US-China: North Korean Nuclear Dance Card
The Korean Peninsula, which is surrounded by superpowers and divided into two countries that are hostile towards each other, is a security hotspot in Northeast Asia. Although military alliances have shifted around the globe after the end of the Cold War, previous ties remain strong in Northeast Asia. The US continues to be a strong ally of both Japan and South Korea. Likewise, China remains a strong ally of North Korea. However, when it comes to the Korean Peninsula the two major powers have different policy priorities and interests. The US wants the Korean Peninsula to be denuclearized and strongly discourages the development of nuclear weapons or any activity that could trigger a military conflict. On the other hand, China also agrees that North Korea should be denuclearized, but considers the stability of the North Korean regime as its top priority. What options does South Korea have to promote its national security, when caught between the competing interests and different policy priorities pursued by the US and China? What kind of leverage can each country use without causing major conflict in the region? Despite their different interests can the US and China peacefully resolve the North Korean problem?

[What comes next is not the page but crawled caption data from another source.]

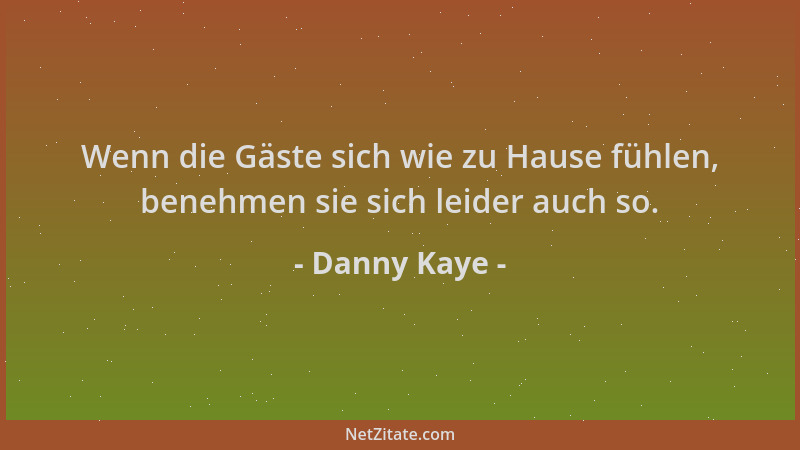 Danny Kaye - Wenn die Gäste sich wie zu Hause fühlen, benehmen sie sich leider auch so....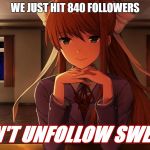 Monika | WE JUST HIT 840 FOLLOWERS; DON'T UNFOLLOW SWEETY | image tagged in monika | made w/ Imgflip meme maker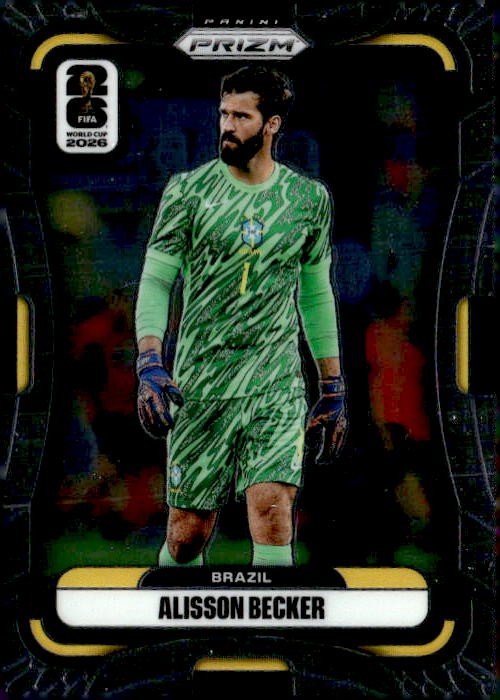 2026 Panini Prizm FIFA World Cup #89 Alisson Becker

Nuclear Fuel Cycle: Debates on Multilateral Approaches.
There are growing concerns about the dissemination of sensitive nuclear technology worldwide. A number of countries have developed or are developing civilian nuclear energy programs but the storage and disposal of spent nuclear fuel remains a problem. Multilateral approaches towards the nuclear fuel cycle and the strengthening of nonproliferation regimes have been suggested as possible solutions. While many countries aim to close their nuclear fuel cycle, there are only a few countries that have actually closed it, due to political reasons and nonproliferation issues. Under current circumstances, because the Republic of Korea has limited options for nuclear waste disposal and storage and cannot reprocess spent fuel, various multilateral approaches carry serious implications for future use of nuclear energy in the country. This panel will discuss the pros and cons of multilateral approaches. It will also address the technical, political, and economic feasibilities of the multilateral nuclear fuel cycle and its impact on nuclear policy.
Will Iran Go Nuclear?
Iran has defied several UN Security Council resolutions intended to suspend its enrichment of nuclear material and has refused to fully explain its nuclear activities to the International Atomic Energy Agency (IAEA). Some argue that because the government in Tehran is determined to go nuclear, even a successful military strike against Iran’s nuclear facilities would delay its program only for a few years. Given these circumstances, what global or regional implications does a nuclear Iran have? How will other states in the Middle East respond to a nuclear Iran?